The CLI works by specifying a subcommand (see run modes). Some options which are required for actually running the master, can be omitted, when only the dummy OPC UA server is started. See the help message for details (voraus-aux-ethercat-master --help).

Docker

The master is published as a docker image.

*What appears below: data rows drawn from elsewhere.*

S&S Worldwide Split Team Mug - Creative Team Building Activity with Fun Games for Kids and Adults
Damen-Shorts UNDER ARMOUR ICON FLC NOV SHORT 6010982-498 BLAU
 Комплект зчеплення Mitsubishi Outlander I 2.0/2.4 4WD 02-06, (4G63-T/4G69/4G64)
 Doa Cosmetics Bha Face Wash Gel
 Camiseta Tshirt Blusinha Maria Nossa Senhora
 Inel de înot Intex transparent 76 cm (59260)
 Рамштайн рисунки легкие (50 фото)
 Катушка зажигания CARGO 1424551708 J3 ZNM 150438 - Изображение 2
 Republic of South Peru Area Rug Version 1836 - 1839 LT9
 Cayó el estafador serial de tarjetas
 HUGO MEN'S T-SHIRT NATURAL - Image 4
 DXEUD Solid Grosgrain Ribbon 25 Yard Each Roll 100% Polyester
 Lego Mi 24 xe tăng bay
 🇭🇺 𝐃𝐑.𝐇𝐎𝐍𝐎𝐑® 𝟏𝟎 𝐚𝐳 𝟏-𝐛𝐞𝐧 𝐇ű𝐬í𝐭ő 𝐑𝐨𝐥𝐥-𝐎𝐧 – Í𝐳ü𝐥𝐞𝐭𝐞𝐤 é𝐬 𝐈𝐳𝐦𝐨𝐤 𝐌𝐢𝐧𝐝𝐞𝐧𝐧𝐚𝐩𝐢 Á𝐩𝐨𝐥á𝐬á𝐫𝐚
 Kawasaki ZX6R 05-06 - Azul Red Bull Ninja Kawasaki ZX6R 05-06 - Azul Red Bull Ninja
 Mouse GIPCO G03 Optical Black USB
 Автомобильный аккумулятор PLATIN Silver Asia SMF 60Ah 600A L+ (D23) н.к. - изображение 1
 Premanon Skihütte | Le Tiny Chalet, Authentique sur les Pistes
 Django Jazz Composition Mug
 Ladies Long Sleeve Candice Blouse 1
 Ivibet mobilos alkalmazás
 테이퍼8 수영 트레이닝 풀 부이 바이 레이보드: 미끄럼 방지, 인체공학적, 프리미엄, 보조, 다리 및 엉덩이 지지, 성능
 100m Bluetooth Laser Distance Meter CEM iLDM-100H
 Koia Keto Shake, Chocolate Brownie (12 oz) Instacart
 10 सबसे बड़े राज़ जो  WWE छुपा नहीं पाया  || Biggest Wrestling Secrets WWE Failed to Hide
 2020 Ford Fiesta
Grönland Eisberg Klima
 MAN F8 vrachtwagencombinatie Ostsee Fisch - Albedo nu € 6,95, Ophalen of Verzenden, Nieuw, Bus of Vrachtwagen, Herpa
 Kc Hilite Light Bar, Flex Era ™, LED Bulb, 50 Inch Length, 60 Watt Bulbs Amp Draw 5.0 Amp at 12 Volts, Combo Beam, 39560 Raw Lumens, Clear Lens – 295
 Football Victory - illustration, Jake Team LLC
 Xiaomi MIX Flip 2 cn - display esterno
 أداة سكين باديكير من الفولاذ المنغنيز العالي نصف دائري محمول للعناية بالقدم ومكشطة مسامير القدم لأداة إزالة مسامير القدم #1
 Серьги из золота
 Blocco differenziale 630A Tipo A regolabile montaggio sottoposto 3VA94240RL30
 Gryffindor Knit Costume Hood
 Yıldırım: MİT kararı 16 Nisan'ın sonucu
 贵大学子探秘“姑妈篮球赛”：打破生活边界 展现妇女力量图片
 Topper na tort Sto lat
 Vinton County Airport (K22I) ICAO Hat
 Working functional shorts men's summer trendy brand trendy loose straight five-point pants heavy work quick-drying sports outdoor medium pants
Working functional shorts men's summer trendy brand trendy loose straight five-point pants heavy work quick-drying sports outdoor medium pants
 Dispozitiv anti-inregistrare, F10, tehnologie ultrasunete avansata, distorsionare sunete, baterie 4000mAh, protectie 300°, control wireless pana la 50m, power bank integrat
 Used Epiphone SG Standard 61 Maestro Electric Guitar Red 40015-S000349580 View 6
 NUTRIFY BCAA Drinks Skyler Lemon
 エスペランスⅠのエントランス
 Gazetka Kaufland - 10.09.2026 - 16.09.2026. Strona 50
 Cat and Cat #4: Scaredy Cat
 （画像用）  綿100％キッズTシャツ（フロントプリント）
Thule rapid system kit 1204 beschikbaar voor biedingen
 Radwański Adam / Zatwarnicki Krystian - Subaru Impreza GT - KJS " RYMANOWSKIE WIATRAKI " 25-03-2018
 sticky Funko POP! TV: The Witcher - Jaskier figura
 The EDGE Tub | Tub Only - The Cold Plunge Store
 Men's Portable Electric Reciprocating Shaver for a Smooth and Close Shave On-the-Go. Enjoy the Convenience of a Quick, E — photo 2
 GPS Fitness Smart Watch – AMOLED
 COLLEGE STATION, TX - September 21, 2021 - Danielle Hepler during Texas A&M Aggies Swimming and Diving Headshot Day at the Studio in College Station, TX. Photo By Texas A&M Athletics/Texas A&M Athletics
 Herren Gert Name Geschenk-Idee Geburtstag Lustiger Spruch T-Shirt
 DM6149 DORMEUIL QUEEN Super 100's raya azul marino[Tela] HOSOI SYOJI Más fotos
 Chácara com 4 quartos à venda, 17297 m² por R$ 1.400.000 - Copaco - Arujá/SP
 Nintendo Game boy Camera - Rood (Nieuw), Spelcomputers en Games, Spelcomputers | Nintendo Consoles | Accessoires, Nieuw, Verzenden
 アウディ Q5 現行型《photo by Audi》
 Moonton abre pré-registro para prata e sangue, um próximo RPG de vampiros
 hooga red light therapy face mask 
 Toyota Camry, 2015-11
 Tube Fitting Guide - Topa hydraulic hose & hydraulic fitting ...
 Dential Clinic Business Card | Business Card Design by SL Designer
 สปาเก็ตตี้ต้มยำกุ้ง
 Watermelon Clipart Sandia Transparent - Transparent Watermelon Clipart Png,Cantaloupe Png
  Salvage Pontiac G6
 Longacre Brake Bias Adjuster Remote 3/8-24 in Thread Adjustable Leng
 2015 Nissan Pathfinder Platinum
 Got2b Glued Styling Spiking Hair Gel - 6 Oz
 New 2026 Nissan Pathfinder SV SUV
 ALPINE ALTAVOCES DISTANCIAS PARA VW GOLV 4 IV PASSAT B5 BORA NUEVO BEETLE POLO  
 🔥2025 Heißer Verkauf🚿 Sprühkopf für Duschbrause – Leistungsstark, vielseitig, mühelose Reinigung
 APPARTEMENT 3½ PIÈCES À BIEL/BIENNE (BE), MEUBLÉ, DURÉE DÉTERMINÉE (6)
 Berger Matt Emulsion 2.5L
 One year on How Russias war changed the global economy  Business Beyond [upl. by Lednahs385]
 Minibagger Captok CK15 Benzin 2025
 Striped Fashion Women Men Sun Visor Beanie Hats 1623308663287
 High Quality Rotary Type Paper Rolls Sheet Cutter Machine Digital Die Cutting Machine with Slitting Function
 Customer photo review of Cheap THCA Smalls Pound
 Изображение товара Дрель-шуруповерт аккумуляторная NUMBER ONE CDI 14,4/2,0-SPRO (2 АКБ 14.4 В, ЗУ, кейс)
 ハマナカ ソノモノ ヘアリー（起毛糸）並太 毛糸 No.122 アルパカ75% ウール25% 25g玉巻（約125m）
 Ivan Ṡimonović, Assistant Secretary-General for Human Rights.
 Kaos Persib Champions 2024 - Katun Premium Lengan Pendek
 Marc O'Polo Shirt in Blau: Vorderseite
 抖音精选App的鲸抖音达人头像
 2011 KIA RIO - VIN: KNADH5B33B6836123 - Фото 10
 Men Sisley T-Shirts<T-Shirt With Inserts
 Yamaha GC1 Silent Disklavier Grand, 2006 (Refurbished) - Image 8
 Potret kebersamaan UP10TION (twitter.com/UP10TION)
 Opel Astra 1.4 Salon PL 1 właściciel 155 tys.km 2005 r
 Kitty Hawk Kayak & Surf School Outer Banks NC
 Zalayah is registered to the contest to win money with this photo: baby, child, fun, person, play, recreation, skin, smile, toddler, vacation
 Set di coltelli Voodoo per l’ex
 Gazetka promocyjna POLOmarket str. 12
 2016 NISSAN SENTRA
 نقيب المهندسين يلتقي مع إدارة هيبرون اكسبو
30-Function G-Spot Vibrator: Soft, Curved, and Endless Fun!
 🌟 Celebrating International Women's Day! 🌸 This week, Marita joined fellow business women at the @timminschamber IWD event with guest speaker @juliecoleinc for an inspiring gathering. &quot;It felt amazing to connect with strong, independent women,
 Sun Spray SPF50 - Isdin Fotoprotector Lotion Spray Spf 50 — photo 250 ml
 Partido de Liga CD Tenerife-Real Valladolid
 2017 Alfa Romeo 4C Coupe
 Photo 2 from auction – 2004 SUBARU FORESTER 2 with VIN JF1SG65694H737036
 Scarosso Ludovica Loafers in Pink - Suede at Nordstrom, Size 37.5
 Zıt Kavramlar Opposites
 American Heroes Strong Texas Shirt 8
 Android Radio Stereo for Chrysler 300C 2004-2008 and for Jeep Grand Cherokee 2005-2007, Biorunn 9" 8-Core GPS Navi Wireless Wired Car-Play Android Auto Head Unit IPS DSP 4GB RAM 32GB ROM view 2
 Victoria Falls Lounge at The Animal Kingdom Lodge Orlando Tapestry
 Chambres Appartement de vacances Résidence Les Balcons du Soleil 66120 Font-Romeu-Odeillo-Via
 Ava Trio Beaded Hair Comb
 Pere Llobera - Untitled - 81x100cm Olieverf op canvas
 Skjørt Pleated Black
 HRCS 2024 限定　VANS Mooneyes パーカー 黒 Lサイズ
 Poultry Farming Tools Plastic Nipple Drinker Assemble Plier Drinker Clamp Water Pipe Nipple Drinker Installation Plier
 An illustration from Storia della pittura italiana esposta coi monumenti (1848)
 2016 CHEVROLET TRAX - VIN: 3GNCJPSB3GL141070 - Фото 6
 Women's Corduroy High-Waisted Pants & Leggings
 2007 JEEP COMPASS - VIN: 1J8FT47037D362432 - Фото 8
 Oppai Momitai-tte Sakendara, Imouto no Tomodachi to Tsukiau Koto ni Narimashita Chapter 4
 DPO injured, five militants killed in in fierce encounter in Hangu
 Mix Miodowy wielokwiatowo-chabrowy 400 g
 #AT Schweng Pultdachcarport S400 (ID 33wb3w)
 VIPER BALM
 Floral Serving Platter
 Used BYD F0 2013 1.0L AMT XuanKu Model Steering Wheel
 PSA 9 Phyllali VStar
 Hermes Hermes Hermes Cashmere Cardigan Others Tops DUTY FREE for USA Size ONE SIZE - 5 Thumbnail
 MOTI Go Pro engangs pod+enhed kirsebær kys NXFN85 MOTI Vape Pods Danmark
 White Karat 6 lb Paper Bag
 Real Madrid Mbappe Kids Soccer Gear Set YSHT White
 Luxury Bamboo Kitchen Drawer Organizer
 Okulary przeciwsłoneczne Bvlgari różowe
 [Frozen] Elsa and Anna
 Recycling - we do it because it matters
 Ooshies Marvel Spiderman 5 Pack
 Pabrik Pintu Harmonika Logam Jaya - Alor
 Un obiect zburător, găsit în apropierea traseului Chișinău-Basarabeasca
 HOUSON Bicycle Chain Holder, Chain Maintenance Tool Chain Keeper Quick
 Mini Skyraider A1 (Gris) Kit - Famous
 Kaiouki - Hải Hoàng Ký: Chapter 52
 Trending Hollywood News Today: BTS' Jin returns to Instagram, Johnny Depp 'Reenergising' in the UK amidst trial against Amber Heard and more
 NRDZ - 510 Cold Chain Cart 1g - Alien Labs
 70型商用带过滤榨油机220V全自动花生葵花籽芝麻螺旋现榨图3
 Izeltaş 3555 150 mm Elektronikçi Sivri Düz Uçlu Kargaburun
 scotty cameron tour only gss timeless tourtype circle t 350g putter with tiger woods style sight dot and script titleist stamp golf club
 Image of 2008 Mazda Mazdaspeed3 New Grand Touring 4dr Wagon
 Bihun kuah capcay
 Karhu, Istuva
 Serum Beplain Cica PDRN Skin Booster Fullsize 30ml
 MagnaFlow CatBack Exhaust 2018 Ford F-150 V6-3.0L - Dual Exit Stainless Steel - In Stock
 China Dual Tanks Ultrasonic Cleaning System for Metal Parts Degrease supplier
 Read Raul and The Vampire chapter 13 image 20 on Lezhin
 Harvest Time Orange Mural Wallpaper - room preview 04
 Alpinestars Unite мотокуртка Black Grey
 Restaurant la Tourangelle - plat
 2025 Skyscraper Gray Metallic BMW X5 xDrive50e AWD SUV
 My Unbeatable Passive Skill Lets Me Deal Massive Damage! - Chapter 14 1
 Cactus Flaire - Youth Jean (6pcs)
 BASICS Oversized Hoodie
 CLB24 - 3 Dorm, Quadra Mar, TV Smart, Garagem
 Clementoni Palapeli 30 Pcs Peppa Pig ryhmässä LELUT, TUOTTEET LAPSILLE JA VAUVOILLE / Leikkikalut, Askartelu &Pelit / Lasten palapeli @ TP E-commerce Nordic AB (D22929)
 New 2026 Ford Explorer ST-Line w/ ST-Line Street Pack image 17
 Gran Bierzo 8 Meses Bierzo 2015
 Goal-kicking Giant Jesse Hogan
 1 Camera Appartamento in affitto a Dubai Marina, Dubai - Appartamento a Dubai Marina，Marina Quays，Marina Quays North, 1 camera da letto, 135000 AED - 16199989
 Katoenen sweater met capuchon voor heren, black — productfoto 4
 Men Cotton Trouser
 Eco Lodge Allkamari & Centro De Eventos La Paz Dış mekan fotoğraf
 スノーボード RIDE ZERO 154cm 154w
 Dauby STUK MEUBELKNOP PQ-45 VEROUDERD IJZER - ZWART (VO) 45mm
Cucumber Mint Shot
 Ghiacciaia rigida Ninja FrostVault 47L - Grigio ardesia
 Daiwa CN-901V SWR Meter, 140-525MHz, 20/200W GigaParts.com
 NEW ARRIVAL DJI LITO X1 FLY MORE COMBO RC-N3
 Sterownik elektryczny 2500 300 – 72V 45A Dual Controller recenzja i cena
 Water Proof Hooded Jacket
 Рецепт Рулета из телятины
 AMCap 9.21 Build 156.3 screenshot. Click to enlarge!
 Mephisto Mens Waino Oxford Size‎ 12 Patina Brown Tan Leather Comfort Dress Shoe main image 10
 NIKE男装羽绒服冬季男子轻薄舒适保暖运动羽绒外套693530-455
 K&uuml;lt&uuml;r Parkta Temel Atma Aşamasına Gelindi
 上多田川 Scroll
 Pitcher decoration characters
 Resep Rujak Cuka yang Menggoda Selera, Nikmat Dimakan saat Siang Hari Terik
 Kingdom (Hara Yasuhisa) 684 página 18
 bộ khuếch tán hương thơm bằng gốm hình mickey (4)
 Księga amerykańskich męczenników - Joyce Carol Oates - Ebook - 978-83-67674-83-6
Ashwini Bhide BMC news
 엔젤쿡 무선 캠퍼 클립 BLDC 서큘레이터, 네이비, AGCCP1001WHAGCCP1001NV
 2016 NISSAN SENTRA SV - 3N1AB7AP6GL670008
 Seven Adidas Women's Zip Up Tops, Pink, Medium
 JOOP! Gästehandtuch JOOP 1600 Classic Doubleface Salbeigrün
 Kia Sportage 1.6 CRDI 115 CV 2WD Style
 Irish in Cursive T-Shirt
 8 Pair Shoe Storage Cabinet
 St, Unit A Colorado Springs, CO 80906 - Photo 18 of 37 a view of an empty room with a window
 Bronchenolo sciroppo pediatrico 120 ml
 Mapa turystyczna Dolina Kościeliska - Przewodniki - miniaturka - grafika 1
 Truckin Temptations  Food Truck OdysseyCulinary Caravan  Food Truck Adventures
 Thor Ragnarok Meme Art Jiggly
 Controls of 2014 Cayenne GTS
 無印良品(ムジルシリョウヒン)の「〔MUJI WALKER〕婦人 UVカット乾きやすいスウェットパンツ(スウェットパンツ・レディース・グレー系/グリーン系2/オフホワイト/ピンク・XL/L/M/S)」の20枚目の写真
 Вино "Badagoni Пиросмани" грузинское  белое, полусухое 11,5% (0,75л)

Here is an example docker compose file to start the master:

services:
  ethercat-master:
    image: voraus-aux-ethercat-master:latest
    network_mode: host
    cap_add:
      - CAP_NET_ADMIN # needed for setting the interface into promiscuous mode
      - CAP_NET_RAW # needed for raw socket communication
      - CAP_IPC_LOCK # needed for memory locking
      - CAP_SYS_NICE # needed for using SCHED_FIFO with a priority
    devices:
      - /dev/cpu_dma_latency:/dev/cpu_dma_latency # needed for sleep state prevention
    volumes:
      - ./data/:/root/data/ # contains eni file and logs
    ports:
      - 4840:4840 # public opcua port
    environment:
      - CODEMETER_HOST=codemeter
      - ECAT_ENI=/root/data/test_eni.xml
      - ECAT_CYCLETIME=2000
      - ECAT_INTERFACE=eth0
      - ECAT_LOG_DIR=/data/log

  codemeter:
    hostname: codemeter
    image: voraus-codemeter:latest
    environment:
      LICENSE_SERVER: host.docker.internal
    extra_hosts:
      - host.docker.internal:host-gateway

The network_mode: host is required because the EtherCAT master uses raw sockets.

See Configuration for details about configuration. This section also contains further explanation for the used capabilities.

The codemeter container is only required, if the master should be used with a licence server. Otherwise, the codemeter runtime of the host can be used. Omit the codemeter container in this case and use CODEMETER_HOST=127.0.0.1 in the master container.